Bush fights to control Iraq strategy
A rising chorus in Congress to cut short the 'surge' has mobilized the administration.
from the July 12, 2007 edition
Page 2 of 3
The key to improving conditions in Iraq remains security, with some analysts backing the president in arguing that the additional US troops haven't yet had enough time to show what their presence can do. "Any negotiations [among the Iraqis] will be meaningless unless some workable security environment is in place," says Robert Lieber, a foreign-policy expert at Georgetown University in Washington.
Yet the force buildup was supposed to pave the way for Iraqi action, and that is what critics of the strategy say is not happening.
One factor motivating a Senate rebellion is the failure of the Iraqi government to make tangible progress on the "benchmarks" set by Congress that were to promote Iraqi national reconciliation. With an improved security situation, the Iraqi government was supposed to have the "breathing room" it needed to pass key legislation on power-sharing among the country's sectarian populations, and to tackle sectarian militias.
Still, supporters of the troop-buildup strategy say it is showing promising results, even if the Iraqi government has failed to move on the benchmarks set by Congress. "I always thought those were unreasonable benchmarks," said Frederick Kagan, one of the strategy's architects, at a Washington forum this week.
But the strategy is showing results in other ways, says Mr.

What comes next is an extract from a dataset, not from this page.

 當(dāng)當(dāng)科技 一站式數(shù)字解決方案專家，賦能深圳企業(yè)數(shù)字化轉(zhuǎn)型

Kagan, a military historian at the American Enterprise Institute in Washington. Political progress has been "significant" in the Sunni Arab community, he says, where tribal leaders have cut ties to Al Qaeda-associated groups and agreed to join the US in rooting them out of their communities. Local governments are taking advantage of improved security and taking action even if the national government isn't, he adds.
"Improvements in security and prospects for political progress: I still think that's what [General Petraeus] will come back with" in September, Kagan says. What all this means is that the 'surge' "may yet fail … but it hasn't yet."
But even these points of progress are being criticized by others. Some security experts are cautioning, for example, that the rallying of Sunni Arab tribes to the US side in the battle with Islamic extremists may constitute a short-term gain but could undermine other US goals in Iraq. The tribes are not pledging support for a strong national government, for one.
Skeptics also counter the "improved security" argument by pointing out that sectarian violence has ratcheted up in other parts of the country as US troops have focused on Baghdad and the Sunni-dominant Anbar Province. This suggests that in order for the troop buildup to really work, it would require several times more the additional troops.